The cold, wet spring finally gave way to a warm May. More rationing had been imposed and the news from Europe was getting blacker and blacker. The Nazi war machine was roaring its way through Belgium, driving into the Netherlands and attacking France. Everything fell before it and by the last week in May the British Expeditionary force was cut off from the main French army and hemmed in at the port of Dunkirk. The British government decided to try and rescue as many of their fated army as possible and an armada of over eight hundred ships, large and small, set off for the coast of France. For nine days the navy, fishermen and many volunteer sailors repeatedly crossed the channel to pluck the stranded soldiers from the harbour and the beaches of Dunkirk.
The Federmans and Lisa followed the news of the evacuation on the wireless. The whole country seemed to hold its breath as, under almost continuous German artillery fire and Luftwaffe attacks, more and more soldiers scrambled aboard the rescue ships and made it to the safety of the English shore. The French held the Germans at bay, allowing over three hundred thousand troops to be saved, and it wasn’t until 4 June that the Germans hoisted the swastika over the devastated port.

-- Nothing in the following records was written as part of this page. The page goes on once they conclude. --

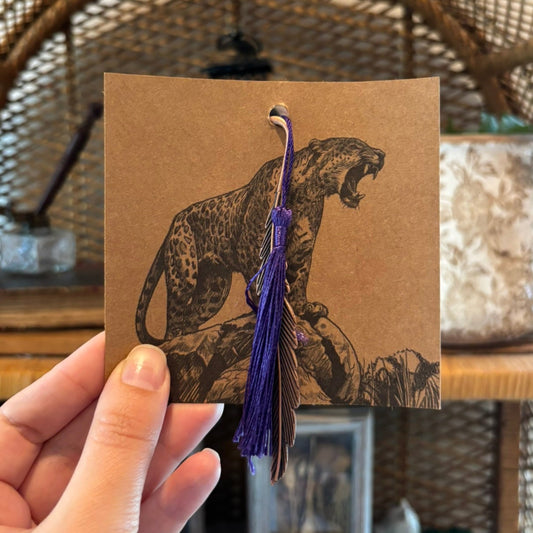Card with a leopard illustration and tassel held by a hand against a blurred background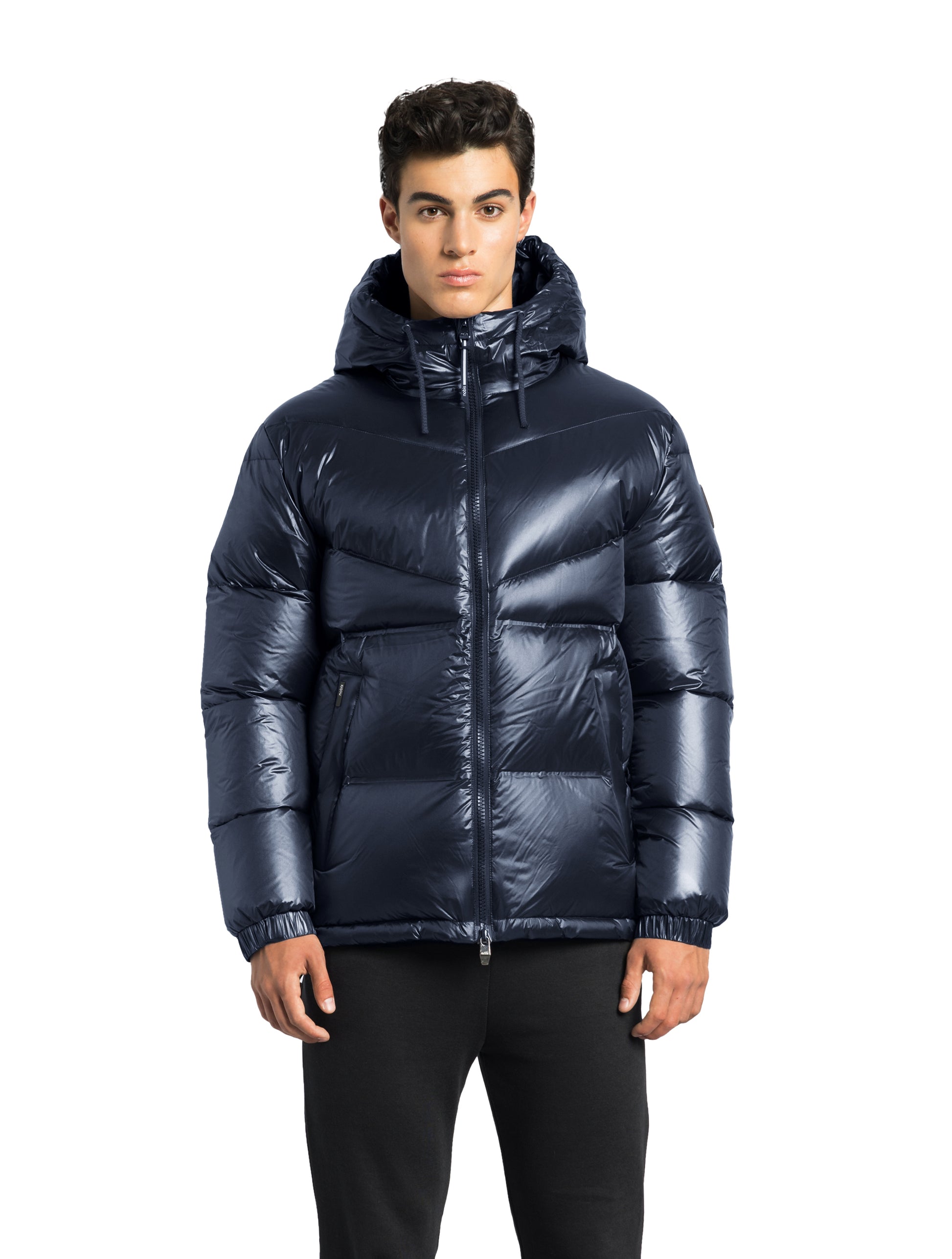 Dyna Men's Chevron Quilted Puffer Jacket in hip length, premium cire technical nylon taffeta fabrication, Premium Canadian origin White Duck Down insulation, non-removable down-filled hood, two-way centre-front zipper, fleece-lined zipper pockets at waist, pit zipper vents, in Navy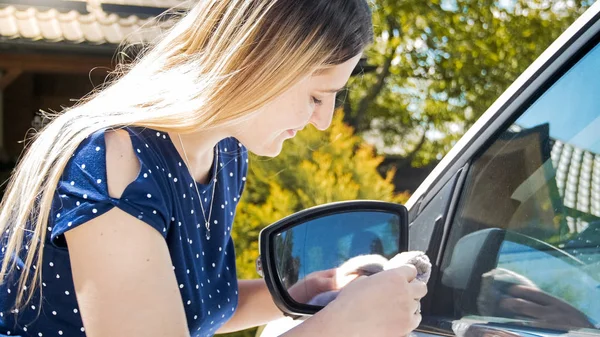 Joven mujer sonriente limpiando sus espejos laterales del coche con tela — Foto de Stock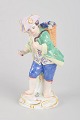 Meissen, grape boy figurine.Porcelain figurine depicting a boy carrying a basket filled with ...
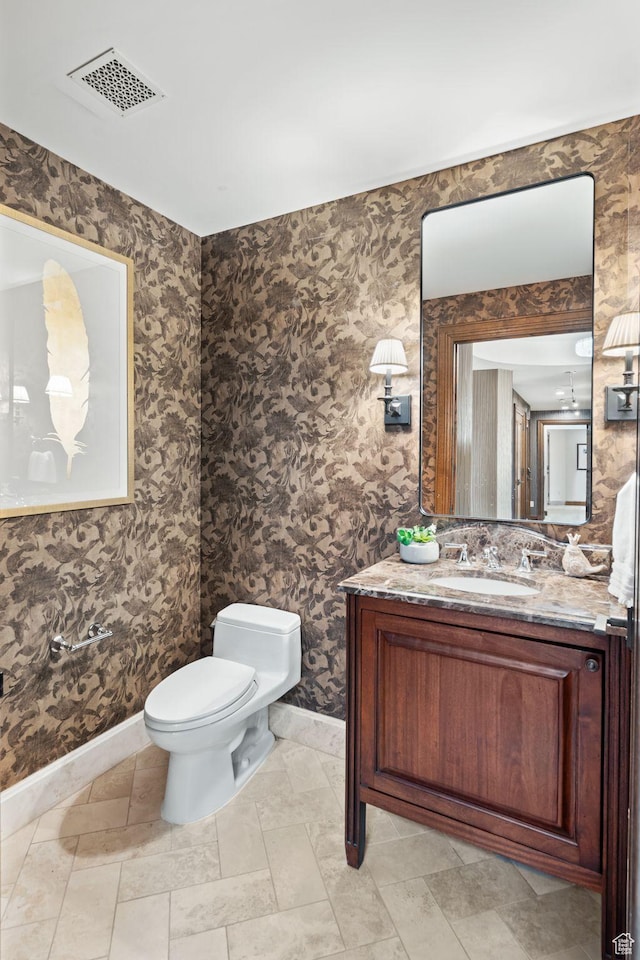 bathroom featuring baseboards, toilet, and vanity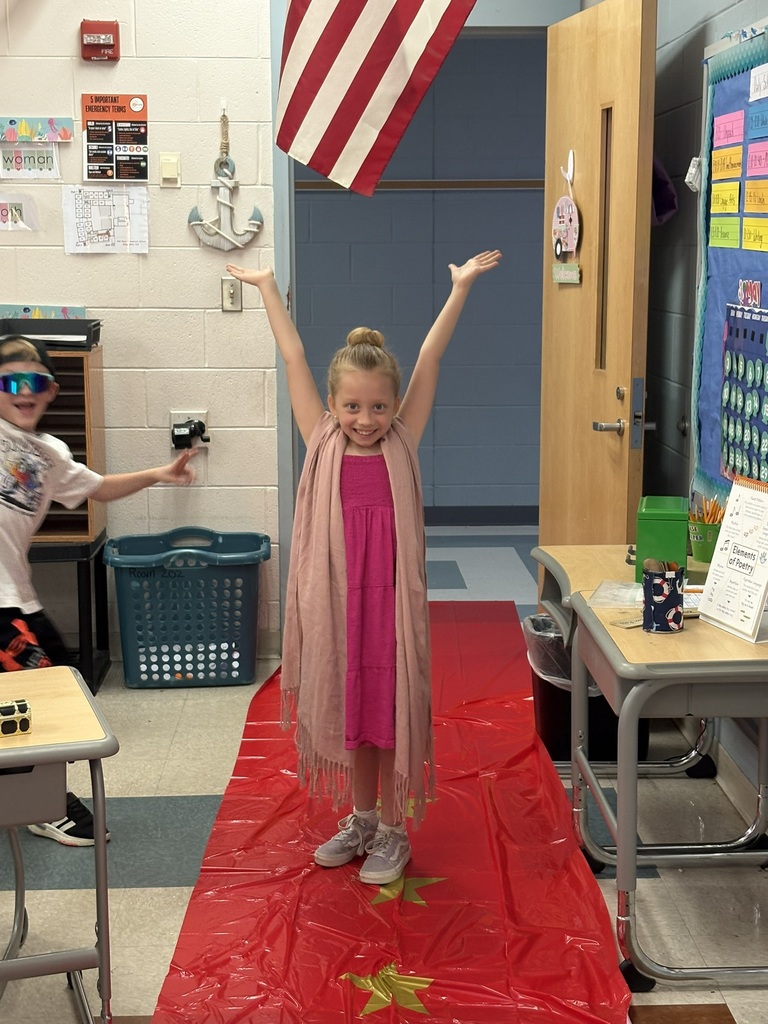 A student enters a classroom decorated for a Hollywood theme day and poses on the red carpet.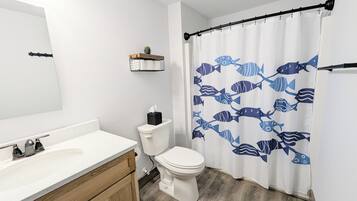 A bathroom with a white toilet, a sink with a wooden cabinet, and a shower curtain with a fish pattern.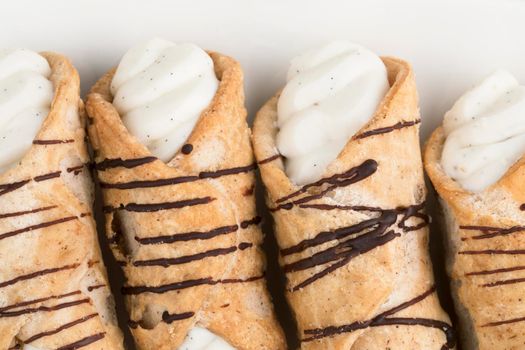 Close up of pastries stuffed with sweet cream and drizzled with chocolate, viewed from avove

Sitting beside the wireless like millions of others, Lisa and her foster parents listened as Mr Churchill broadcast to the nation, promising that whatever the state of war in large tracts of Europe, Britain would fight to the end. ‘We shall defend our island, whatever the cost may be, we shall fight on the beaches, w
e shall fight on the landing grounds, we shall fight in the fields, and in the streets... We shall never surrender.’
His words were echoed on the front page of the Daily Mirror the next morning under the headline WE NEVER SURRENDER. Lisa pored over the paper when Dan brought it home, reading of what was being called ‘the miracle of Dunkirk’.
‘Will the Nazis come here now?’ she asked Dan, fearfully.
‘If they do, me duck, they’ll get a bloody nose,’ he replied stoutly. ‘You heard what Winston said last night, didn’t you? We got our boys out, and some of them Frenchies and Belgies, too. We live to fight another day, but I reckon we’ll all be in the front line now.’
Dan was right. The war had come to them, all of them. France surrendered and Hitler turned his attention to Britain. He was determined to break the morale of the English before he invaded and the Nazis took over the country as they were doing everywhere else. What Mr Churchill was to describe as the Battle of Britain was on and the long-expected air raids began as the Luftwaffe filled the skies. The RAF flew unending sorties against the waves of bombers who had come to drop death and destruction on the airfields, trying to gain supremacy in the air by destroying the RAF on the ground. Time and again the marauders were driven back from the coasts and chased out to sea, and Hitler’s plan to destroy the RAF and take supremacy in the sky failed. It was then that he turned his attention to the cities, determined to undermine the morale of the general population with continual night-time raids and, as Dan had predicted, everyone became part of the front line.
The first wave of bombers descended on London at the end of June. The air raid sirens rent the air at about one in the morning. Lisa awoke with a jolt as the wail of the siren continued, warning everyone to go to the shelters.
Naomi hurried into Lisa’s room. ‘Come on,’ she said briskly. ‘Bring your gas mask and down to the cellar.’ She waited as Lisa put her dressing gown on over her pyjamas and then took her hand and together they went downstairs to the kitchen.